La guerre en Ukraine a beau être un conflit ultra-médiatisé, on n'en sait pas beaucoup sur les pertes sur le terrain. Pour des raisons évidentes, les belligérants restent très discrets au sujet de leurs morts. Les informations fiables concernant le nombre de soldats tués sont rares.
Vendredi, le général américain Mark Milley a déclaré que les Russes ont subi «un nombre considérable de pertes», avant d'ajouter de manière évasive:
Ce nombre comprend les hommes tués, blessés ou qui ont déserté. Si Milley a refusé d'en dire plus, le journal britannique The Sun a eu accès au chiffre exact, qui s'élèverait à 188 000 unités. Bien plus que le dernier bilan de 100 000 annoncé en fin d'année par le ministre britannique de la défense, Ben Wallace.
«Ces chiffres semblent crédibles», réagit Alexandre Vautravers, rédacteur en chef de la Revue militaire suisse. «Les Etats-Unis utilisent une méthode assez cohérente et peuvent compter sur des services secrets très efficaces, qui se basent sur plusieurs données, y compris par exemple les annonces de décès en Russie», explique-t-il.
En partant du principe que les pertes totales se montent à 188 000 hommes, il est possible d'affirmer que le nombre des morts dépasse les 60 000 unités. «Il y a un consensus autour du chiffre de 60 à 80 000 morts», complète le spécialiste. «Historiquement, les blessés sont le double du nombre de morts».
Il s'agit d'un chiffre très élevé, notamment si comparé à d'autres conflits du passé. Les forces soviétiques ont, par exemple, perdu 15 000 hommes en neuf ans de guerre en Afghanistan, tandis que plus de 58 000 Américains sont morts au Vietnam, affirme le centre de réflexion Institute for the Study of War (ISW) à titre de comparaison.
Cela revient à dire que les Russes ont perdu plus d'hommes en onze mois que les Américains en huit ans. Une comparaison impressionnante, mais un peu tirée par les cheveux, nuance Alexandre Vautravers. «Le conflit au Vietnam était une guerre généralement de basse intensité, avec une nette supériorité technique d'un côté sur l'autre. A cause de cela, les pertes américaines ont été relativement limitées», développe-t-il.
«De plus, considérer uniquement les Américains morts est limitatif, étant donné que des soldats australiens et sud-vietnamiens ont combattu à côté des Etats-Unis», poursuit le spécialiste. «Les estimations occidentales sur l'Ukraine, par contre, comprennent probablement les Russes, les combattants pro-russes des Républiques de Donetsk et Lougansk, ainsi que les mercenaires.»
Cela ne veut pas dire qu'une comparaison historique est impossible.
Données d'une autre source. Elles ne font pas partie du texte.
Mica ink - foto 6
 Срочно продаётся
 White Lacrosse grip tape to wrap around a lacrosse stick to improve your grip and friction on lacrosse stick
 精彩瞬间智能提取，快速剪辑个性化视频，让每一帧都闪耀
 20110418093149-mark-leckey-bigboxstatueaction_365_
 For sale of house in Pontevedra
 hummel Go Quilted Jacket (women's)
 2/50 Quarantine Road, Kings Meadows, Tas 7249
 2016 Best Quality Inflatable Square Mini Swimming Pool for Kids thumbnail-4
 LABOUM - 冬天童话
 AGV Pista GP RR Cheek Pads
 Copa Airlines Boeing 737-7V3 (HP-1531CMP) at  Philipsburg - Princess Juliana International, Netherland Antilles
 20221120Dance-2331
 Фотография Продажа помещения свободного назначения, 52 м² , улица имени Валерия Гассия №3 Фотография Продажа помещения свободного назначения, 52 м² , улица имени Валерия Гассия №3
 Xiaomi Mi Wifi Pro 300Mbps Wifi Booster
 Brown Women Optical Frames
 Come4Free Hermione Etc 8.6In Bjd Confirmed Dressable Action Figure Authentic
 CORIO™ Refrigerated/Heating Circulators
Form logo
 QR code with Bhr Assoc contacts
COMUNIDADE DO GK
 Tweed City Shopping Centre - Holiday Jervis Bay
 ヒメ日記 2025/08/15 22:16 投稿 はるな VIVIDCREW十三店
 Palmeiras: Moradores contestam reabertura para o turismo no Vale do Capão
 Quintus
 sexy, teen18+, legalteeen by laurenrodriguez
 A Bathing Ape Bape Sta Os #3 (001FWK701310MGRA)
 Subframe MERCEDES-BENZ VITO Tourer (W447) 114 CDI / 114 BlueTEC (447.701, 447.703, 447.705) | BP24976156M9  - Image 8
Des exemples existent, ce qui permet au passage de mieux comprendre pourquoi le conflit en Ukraine est si meurtrier.
L'expert évoque, par exemple, la guerre russo-géorgienne de 2008 et la guerre du Donbass (2014-2015), pendant lesquelles les Russes ont utilisé les mêmes méthodes qu'en Ukraine, ou la seconde guerre du Golfe (2003-2011), comparable en termes d'effectifs déployés.
Deux différences majeures existent pourtant entre ces exemples du passé et la guerre actuellement en cours, poursuit Alexandre Vautravers. «La première, c'est qu'aucune des deux parties n'a aujourd’hui une supériorité technique décisive par rapport à son adversaire», explique-t-il. «En 2003, il y avait une disparité considérable entre le matériel de l'armée irakienne et celui de l'armée américaine».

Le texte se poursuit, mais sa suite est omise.